Electronic Thesis and Dissertation Repository

Extensions of Classification Method Based on Quantiles

Yuanhao Lai, The University of Western Ontario

Abstract

This thesis deals with the problem of classification in general, with a particular focus on heavy-tailed or skewed data. The classification problem is first formalized by statistical learning theory and several important classification methods are reviewed, where the distance-based classifiers, including the median-based classifier and the quantile-based classifier (QC), are especially useful for the heavy-tailed or skewed inputs. However, QC is limited by its model capacity and the issue of high-dimensional accumulated errors. Our objective of this study is to investigate more general methods while retaining the merits of QC.

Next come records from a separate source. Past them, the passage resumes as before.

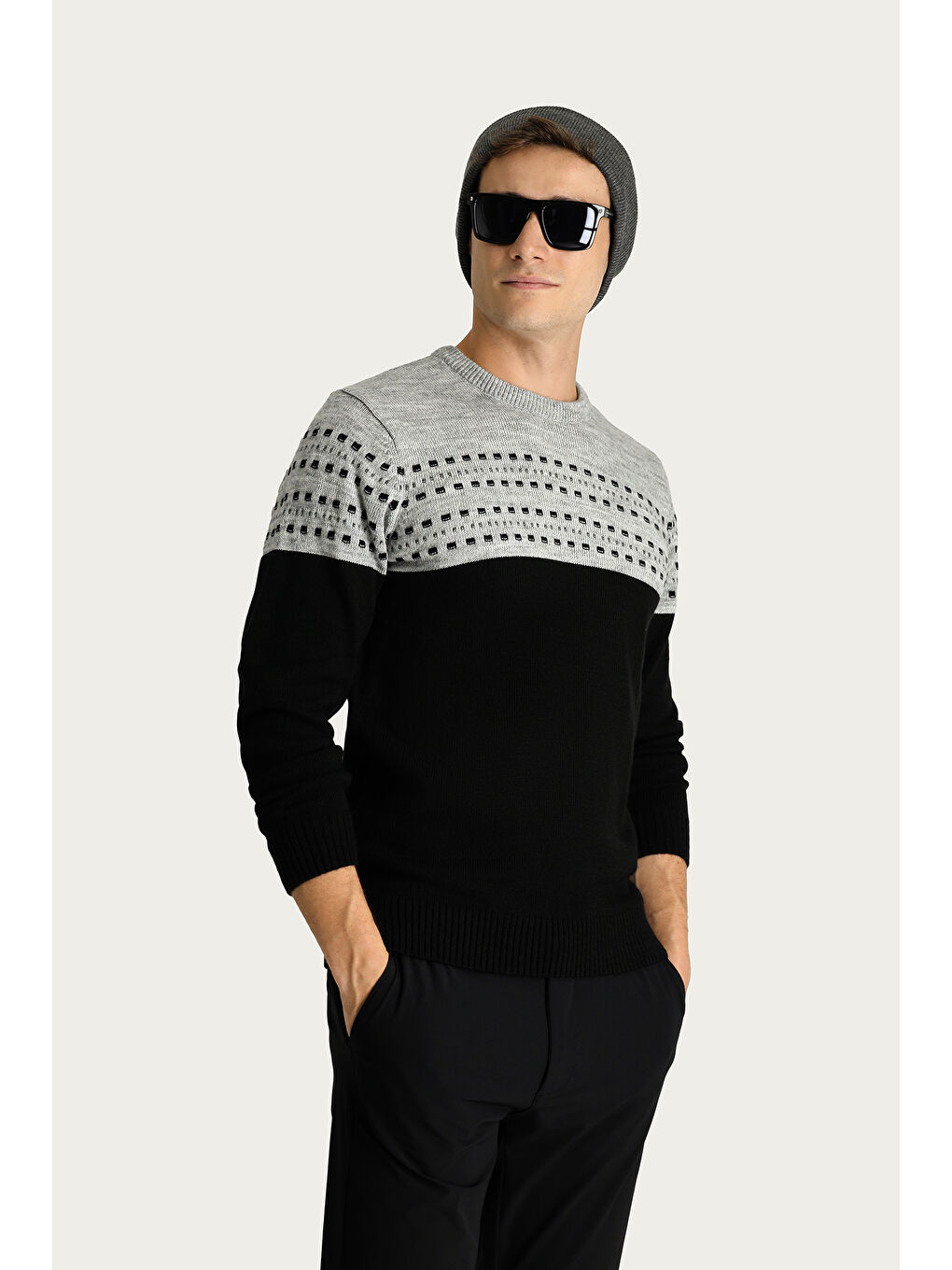 Siyah Bisiklet Yaka Slim Fit Dar Kesim Desenli Triko Kazak-2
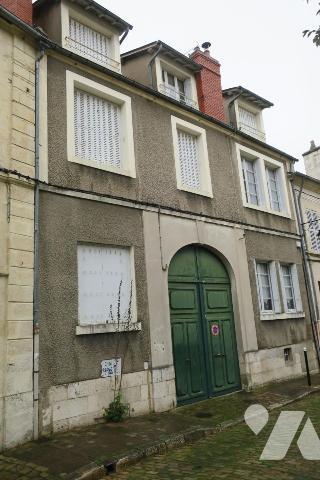 Immeuble de rapport - 3 appartements (2 occupés + 1 libre) - Garage - Caves - Cour. 263 m² cadastré.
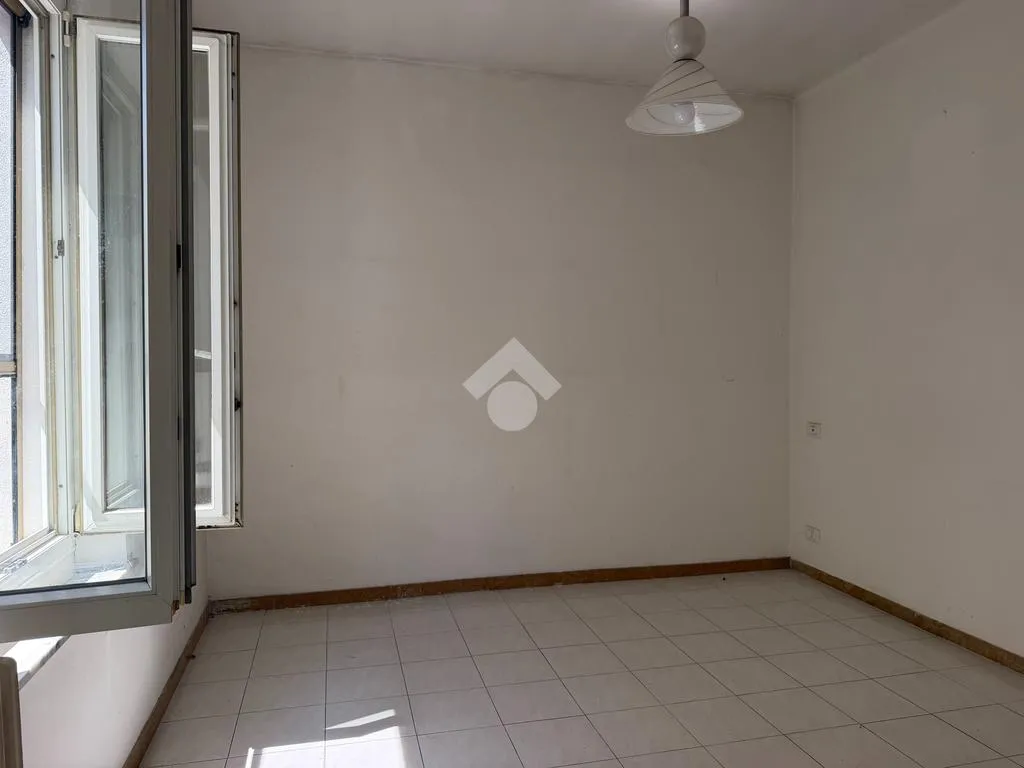 Toad - Corner Semi-Detached Villa with Private Garden in Pesaro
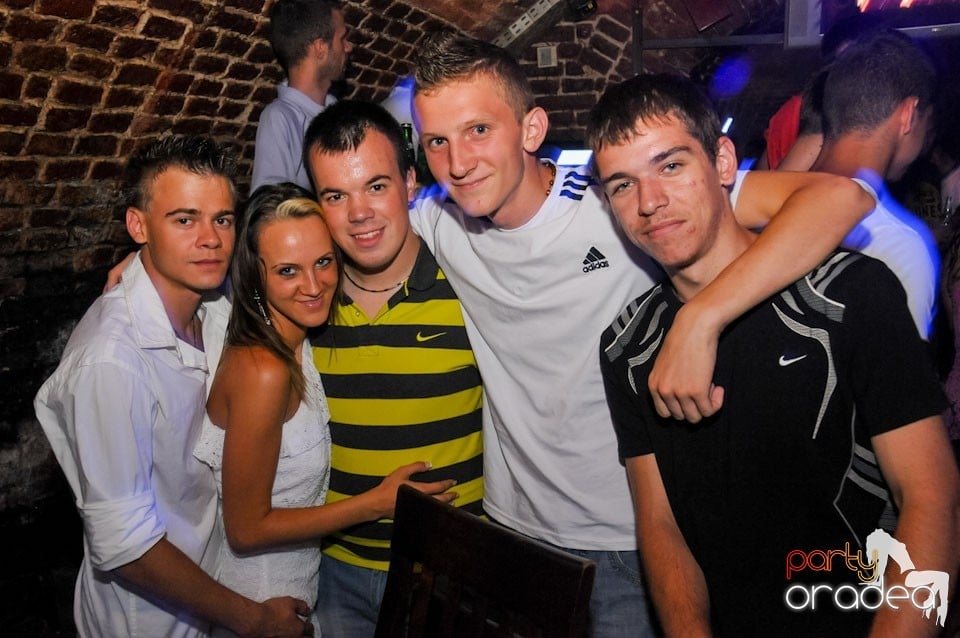 Caveman in the Mix @ Club Escape,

We present four extensions of QC, which appear in chronological order and preserve the ideas driving our research. The first extension, ensemble quantile classifier (EQC), treats QC as a base learner in ensemble learning to increase model capacity and introduces weight decay regularization to mitigate high-dimensional accumulated errors. The second extension, multiple quantile classifier (MQC), enhances the model capacity of EQC by allowing multiple quantile-difference transformations to be conducted for each variable. The third extension, factorized multiple quantile classifier (FMQC), adds higher-order interactions to MQC via a computationally efficient approach of adaptive factorization machines. The fourth extension, deep multiple quantile classifier (DeepMQC), embeds the MQC into the flexible framework of deep neural networks and opens more possibilities of applications to various tasks. We discuss the theoretical motivation for each method. Numerical studies on synthetic and real datasets are used to demonstrate the improvement of the proposed methods.